La Primera recordó a todos que la abuela de Brukeval no estaba en su sano juicio cuando regresó a la caverna, y que esperaba un hijo. «Todo el mundo da por hecho que estuvo con el clan», se dijo Ayla, «y están en lo cierto. Es evidente que Brukeval es fruto de una mezcla con el clan, así que la abuela debió de quedarse embarazada cuando estaba con ellos. Eso significa que un hombre del clan depositó su esencia dentro de ella».

De pronto se le ocurrió algo que nunca había pensado. «¿Debió de forzarla un hombre del clan una y otra vez, igual que Broud me forzó a mí? Tampoco yo estaba en mi sano juicio cuando Broud me sometió a eso, y sin embargo no pensé que fueran animales. Ellos me criaron, yo los quería. No a Broud. A él lo odiaba, incluso antes de que me forzara, pero a casi todos los demás los quería.»

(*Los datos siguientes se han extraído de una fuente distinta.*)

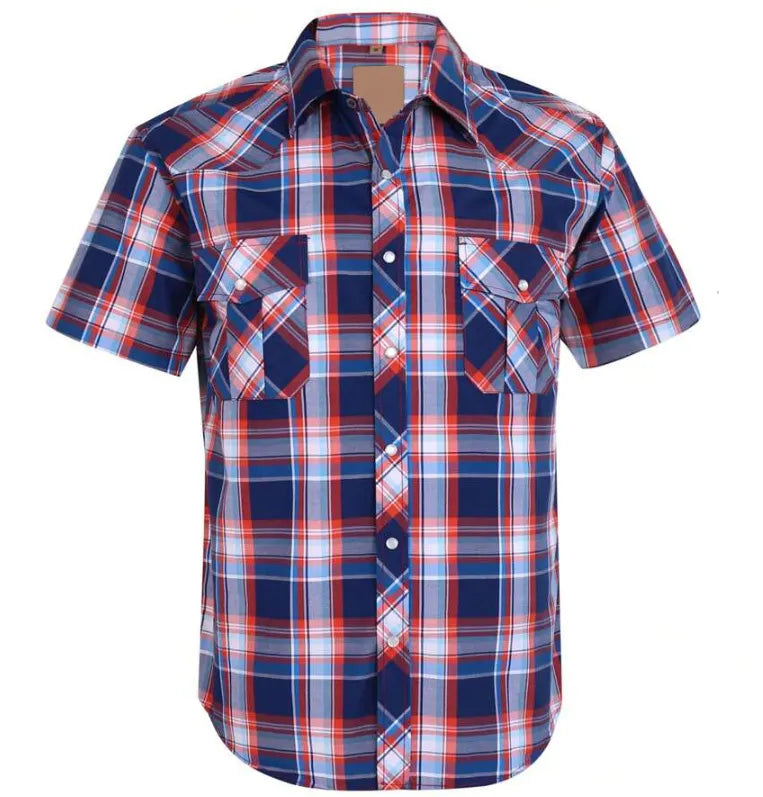 Men's Western Cowboy Short Sleeve Pearl Snap Casual Plaid Work Shirt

Ayla no lo había interpretado así exactamente al oír esa historia por primera vez, pero era una posibilidad. «Quizá el hombre la forzó por maldad, como Broud», pensó Ayla, «o acaso creyera que le hacía un favor, acogiéndola como segunda mujer, tal vez, aceptándola en el clan. Pero eso a ella poco debió de servirle; ella no podía verlo de ese modo. No podía hablar con ellos, ni entenderlos. Para ella, eran animales. La abuela de Brukeval debió de detestarlo más de lo que yo detesté a Broud por hacerme eso.

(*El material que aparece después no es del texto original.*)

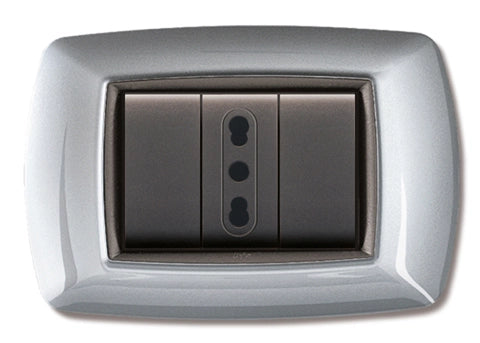 PLACCA LIFE LIVING PLAST ALLUMINIO CHIARO 3P- ELETTROCANALI- 10,0 pz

»Y pese a lo mucho que yo quería tener un hijo, cuando Iza me dijo que estaba embarazada, lo pasé muy mal. Mientras esperaba a Durc, me sentía siempre enferma y por poco muero en el parto. A las mujeres del clan eso no les pasaba, pero Durc tenía la cabeza mucho más grande y dura que la de Jonayla». Ayla había asistido a suficientes partos en los últimos años para comprender que su embarazo y su alumbramiento de Jonayla fueron mucho más normales para una mujer de los Otros de lo que había sido el parto de Durc. «No sé siquiera cómo pude expulsarlo», pensó, cabeceando. «Los Otros tienen la cabeza más pequeña, y el hueso más fino y flexible. Nosotros tenemos las piernas y los brazos más largos, pero los huesos son también más delgados», se dijo Ayla mientras se observaba las extremidades. «Los Otros tienen todos los huesos más delgados.»

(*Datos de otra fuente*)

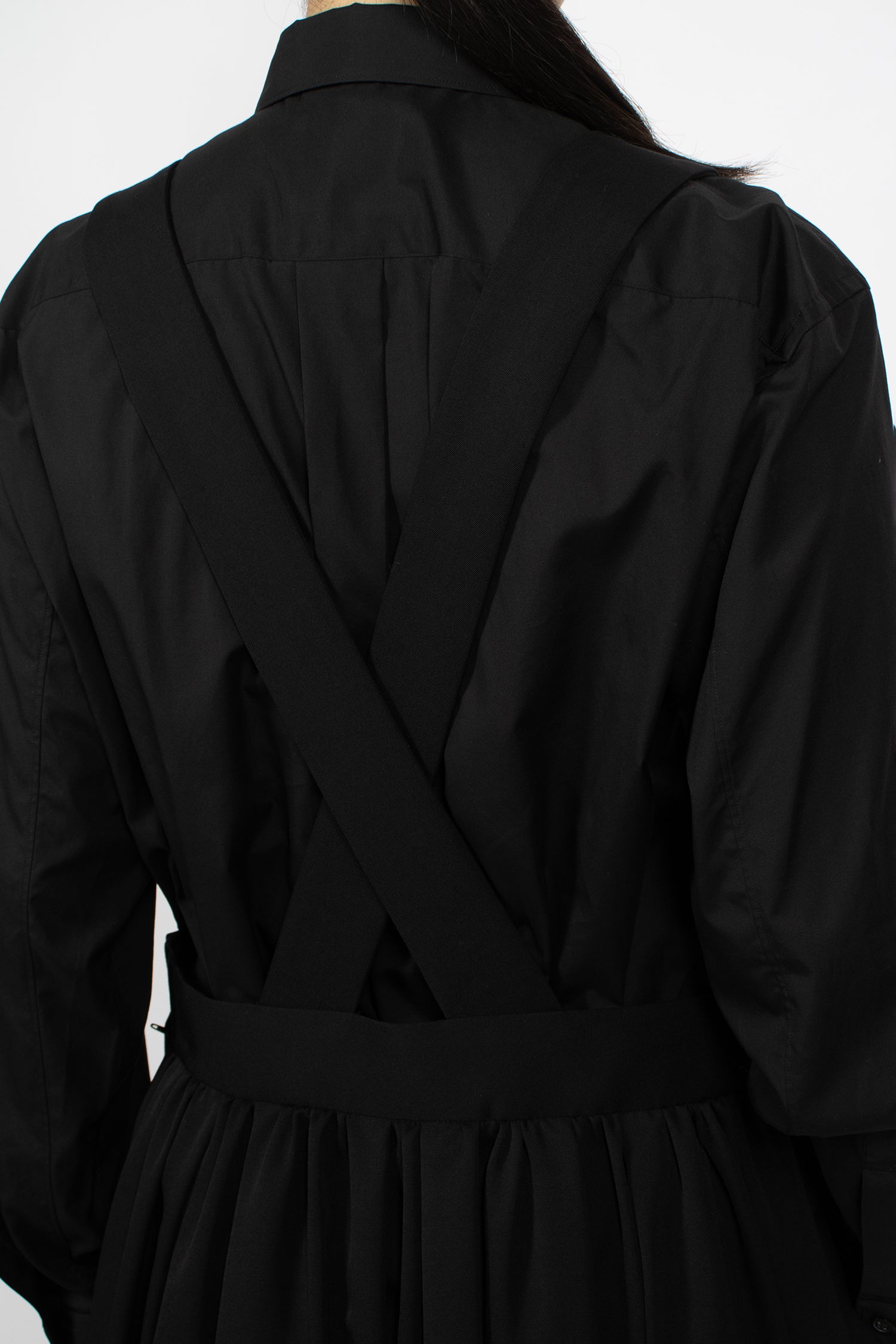 Ruffled Pinafore Dress Black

»¿Acaso enfermó la madre de Brukeval durante su embarazo? ¿Tuvo un parto difícil, como yo? ¿Fue eso lo que le sucedió? ¿Por eso murió? ¿Porque se complicó demasiado? Incluso Joplaya estuvo a punto de morir cuando dio a luz a Bokovan, y Echozar sólo es medio del clan. ¿Acaso un niño de "espíritus mixtos", un niño que es mezcla del clan y los Otros, siempre trae complicaciones a las mujeres de los Otros?» De pronto una nueva idea asaltó a Ayla. «¿Será esa la razón por la que esos bebés se llamaban originariamente "abominaciones"? ¿Porque a veces provocaban la muerte de la madre?»